The first one I clocked was Eleanor, a nice Jewish girl, necking a bottle of tequila. To her left was Jamie, already hardened by years in the First XI, drinking from a beer-bong. Then there was Laura (or "Laawwra!" as she pronounced it in her native Essex tongue) wearing a necklace with her name on it: "You know... so youse lot don't forget." Freshers' Week was a whirlwind of fancy dress (or undress), hundreds of Facebook friend adds and drinking to the point of incontinence.

It felt like your first long school trip, where everyone is on their worst behaviour. It was fun while it lasted, but I won't miss waking up to find I'd been trapped in my room by duct tape stuck from the top to bottom of my door frame, or the genius who thought it would be hilarious to place a kipper in one of the ceiling panels down our corridor.

Alice-Azania Jarvis: Edinburgh, 2003, History and Politics

Despite months of planning, long afternoons spent studying the clubs and societies' rota and revising Ways To Make New Friends ("offer cups of tea," I repeated, like it was some kind of foreign language), my Freshers' Week couldn't have been more disorientating.

There were two things people asked you: where did you go to school; and what did you do on your gap year? Not being well-versed in the intricacies of British public schools, I found the questions perplexing. My answers seemed to be the wrong way round. No one quite grasped that, no, I didn't go to South Africa on my gap year and then go to school in London. Quite the opposite. I went to school in South Africa, but spent my gap year in a Starbucks just off Upper Street. Loitering nervously on the fringes of what would become the Pippa Middleton set, I was bemused. Why were they dressed in tweed? What was going on with their hair? And how do they all know each other?

But amidst the haze of posh, normality reigned, temporarily cowed into intimidated pockets. We banded together over time, as we still do on a regular basis – in wine bars, cafés, flats, where we talk about our grown-up jobs.

Tim Walker: Trinity College Dublin, 2000, English and Drama

I went to university in Dublin, where (and this may surprise you) Freshers' Week was rather less raucous than in this country. There was a foam party, naturally, and a "Traffic Light Ball", to which I non-committally wore orange. But we had no halls of residence to speak of, so I missed out on certain key Freshers' experiences, such as vomitous drinking games (phew), and late-night bed-hopping (boo). I spent most of the week being glommed into a gang of fellow Brits, though over the following four years I would manage to befriend some locals, too – mainly thanks to the many university societies that I joined during that week. Some I visited once and never went back: the debating clubs, the Tae-Kwon Do society, Sinn Fein. Others became permanent extra-curricular fixtures, and the source of my social life: the college newspaper, Trinity News, and the Players drama society. After a few days, I auditioned and was cast in the "Freshers' Co-op", a glorified panto starring about 50 Freshers, with about 50 more backstage. At last, I had some pals with whom to play those vomitous drinking games. Sadly, the bed-hopping remained elusive.
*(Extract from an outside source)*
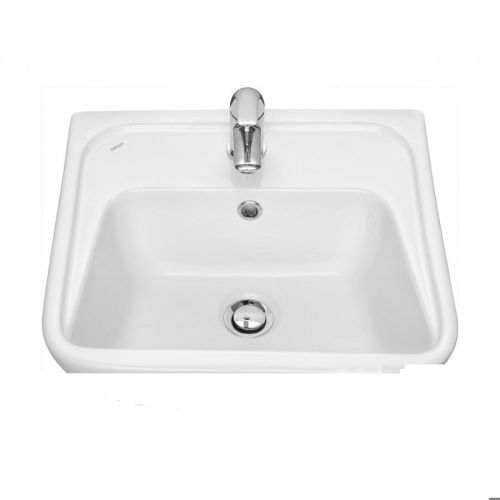 Раковина из сантехнического фарфора Santek Лонги 1WH501753 50х40 подвесная цвет белый 1 отверстие под смеситель - фото 2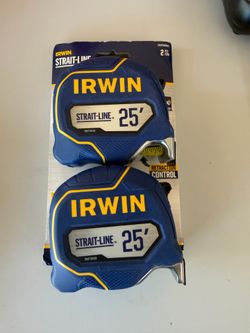 2 Irwin 25-foot tape measures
Victoria Summerley: Edinburgh, 1973, Music

I went to university at 16, so despite having gone to Dunfermline High School, only 11 miles away, I didn't have a cohort of friends starting with me. However, a friend who'd been in the year above me at school was studying music, so I spent Freshers' Week hanging out with him and a group of his friends who had just started at Edinburgh Art College. (We didn't say "hanging out" in the Seventies, of course.)

It was fun, but I must have somehow felt I'd missed out because in my final year, I found myself offering to organise Freshers' Week for the students' union.

One of the highlights was the Sexuality Forum, which was notorious for once having screened a film about how to achieve orgasm. My version was much more staid, with representatives from student health, the gay community and counselling service. I airily introduced them by saying: "Forget all those old wives' tales about jumping up and down after sex to stop you getting pregnant, these guys are here to give you proper advice."

As the forum finished, a friend grabbed me by the arm. "You know what you said about jumping up and down," she demanded with a worried look in her eye. "Is that not true?"